== Description of the task ==
From the listing below, please restate exactly the lines beginning at the one with "Xactimate Level Bundled" and ending at the one with "M16 Pop Pull", both included, and skip the pictures.

== Records to use ==

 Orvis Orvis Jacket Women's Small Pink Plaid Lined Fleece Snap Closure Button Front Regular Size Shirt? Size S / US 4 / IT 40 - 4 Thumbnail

...

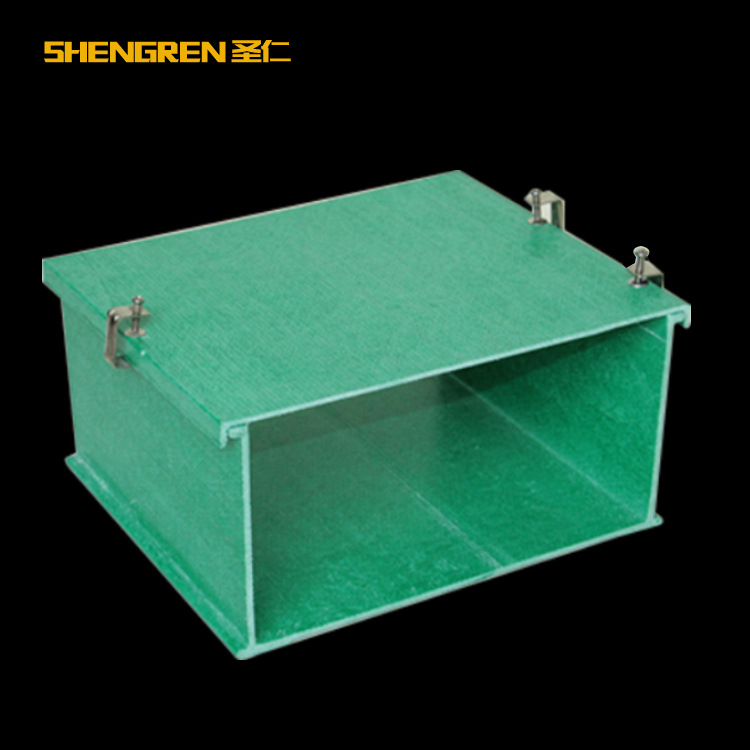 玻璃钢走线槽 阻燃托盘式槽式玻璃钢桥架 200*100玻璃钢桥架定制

==

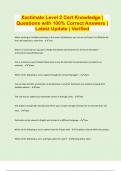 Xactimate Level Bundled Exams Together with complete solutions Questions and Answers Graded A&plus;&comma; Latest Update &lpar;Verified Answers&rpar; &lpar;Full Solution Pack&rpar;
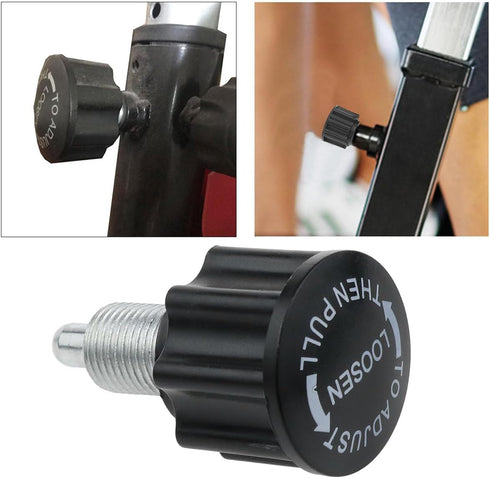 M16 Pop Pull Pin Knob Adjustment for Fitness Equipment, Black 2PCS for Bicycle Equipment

== Solution below ==
 Xactimate Level Bundled Exams Together with complete solutions Questions and Answers Graded A&plus;&comma; Latest Update &lpar;Verified Answers&rpar; &lpar;Full Solution Pack&rpar;
 M16 Pop Pull Pin Knob Adjustment for Fitness Equipment, Black 2PCS for Bicycle Equipment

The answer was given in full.